Wednesday, March 28, 2007

H.R.811: Fact & Friction – Part III

By Mark Lindeman, Ph.D. and Howard Stanislevic, Research Consultant

In Part I and Part II of this series, we pointed out that the post-election audits provided for in H.R.811 are too small to achieve a high level of statistical confidence that close races for US House seats will be correctly decided. While this observation is actually in agreement with a letter being circulated by Rep. Holt’s office signed by nine prominent experts, we also pointed out that this letter actually overstates the confidence level of Holt’s audits by not taking variations in precinct size into account. The same letter also stated:

“In truth, it may be that attempting to prevent an ‘unacceptable’ level of error on electronic voting machines through audits is too administratively burdensome.”


Put that way, frankly, audits seem pretty useless: if attempting to prevent unacceptable error is just too much of a burden, then what is the point? But on a close reading, the intended point here is subtler and more useful: while it would be ideal to confirm that every vote count is accurate within a fraction of a percentage point, it is much easier to confirm that at least every outcome is correct. Unfortunately, the letter stops short of recommending an audit protocol that actually confirms outcomes. We think that election audits should not only indicate the general accuracy of the counts, but provide a solid basis for believing that the winners really won. Getting the winner wrong is the “unacceptable” error, in most people’s minds – and we believe that it can be prevented without undue administrative burden.

In a nutshell, we believe – and will show below – that the basic problem with the H.R.811 audit is simply the misallocation of resources. By making smarter choices, the country can achieve high confidence in the outcomes of almost all federal races with about the same amount of count-auditing effort. (We say “almost” because in extremely close races, there can always be grounds for controversy about what votes should be counted. Verifying the substantial accuracy of the count isn’t the only task – but it is a very important one.)

Looking too hard in all the wrong places

First, we decided to examine all federal elections in the last three cycles (2002 through 2006) – the presidential race, elections for all 100 Senate seats, and almost 1300 contested House races (about 575,000,000 total votes cast) – to explore the consequences of H.R.811’s quirky allocation of audit resources. For each race, we estimated the size in hand-counted votes of an H.R.811 audit, and the probability that this audit would detect hypothetical outcome-altering vote miscount, using the precinct size adjustment and the other assumptions we made in Part II of this series. We chose to measure the audit size in votes, instead of the number of precincts, because precincts come in many different shapes and sizes. Even using Holt’s methodology, some precincts will require only one race on their ballots to be audited, while others may require audits of all three federal contests. The cost of doing the audit is therefore not necessarily proportional to the number of precincts audited, but is much more closely related to the number of accurately hand-counted votes.
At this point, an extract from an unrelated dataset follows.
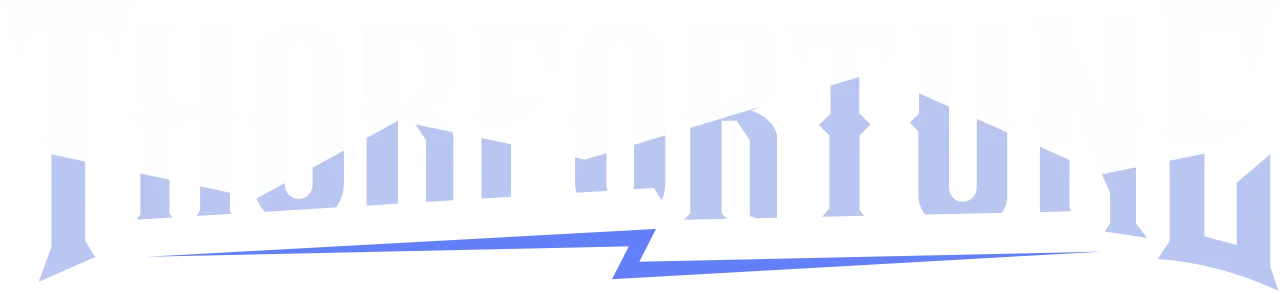 ThorFortune logo with a golden Mjölnir hammer and electric blue lightning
We then figured the size of conducting what we call a 95% SecureAudit in each race: an audit large enough to achieve 95% confidence of detecting outcome-altering miscount under the same assumptions as we have used in evaluating the H.R.811 audits. The closer the race, the larger the necessary audit size. (Some folks call this idea a “probability-based audit,” as in, “based on yielding at least an ‘X’% probability of detecting outcome-altering miscount.” We don’t care much what the audits are called, as long as the idea is clear.) We did the same calculations for a 99% SecureAudit.

(The fine print: these estimates are crude because we do not use actual precinct-level data, but they do consider important variables such as the total number of precincts in each state and the average number of precincts per Congressional District based on the statewide totals. We don’t think that the estimates are biased for or against any particular audit approach. To detect widespread systemic corruption, for all these audits we assume that at least one precinct per county is randomly audited, as required under H.R.811.)
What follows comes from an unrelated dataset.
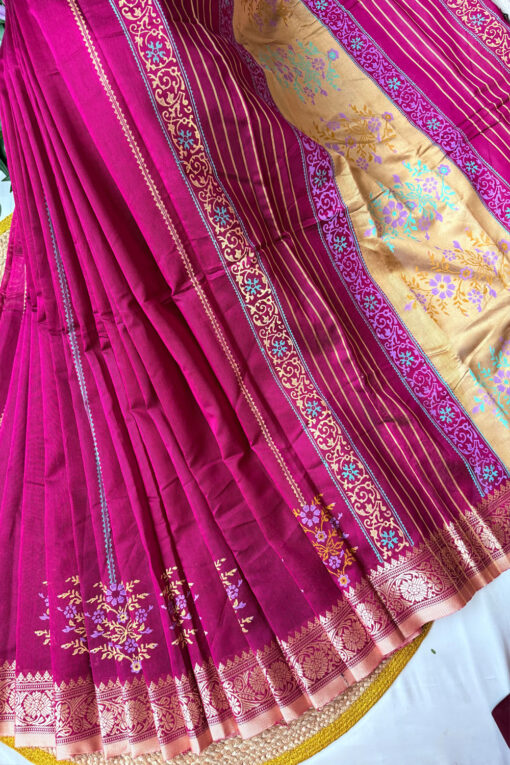 Benaroshi Par | Cotton Silk Blockprint Saree 2 - Image 5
Over these elections, a 95% SecureAudit would support much greater confidence in election outcomes than H.R.811 audits, at somewhat lower cost. Across all three election cycles, H.R.811 audits would mandate manually auditing about 20.3 million votes (about 3.5% of the total vote in these elections).

Here is a table showing the number of races with outcomes that would NOT be confirmed with the H.R.811 audit for various confidence levels:


Unconfirmed Outcomes w/H.R.811 Audit
Confidence Level# of Races
99%238
95%162
90%135
50%49

In 135 of the races, the estimated probability of detecting outcome-altering miscount would be less than 90%. In 49 races, the probability would be less than 50%. These low-confidence races include not only the very closest races, but some in which the winning margin is over 4%. They even include at least one race (NH-CD1) in which the winning margin is over 7%, but the number of precincts – and, therefore, the audit size – is unusually small. (We’re not saying that these races are likely to be decisively miscounted. We are saying that if one of them were decisively miscounted, an H.R.811 audit very well might miss the problem.)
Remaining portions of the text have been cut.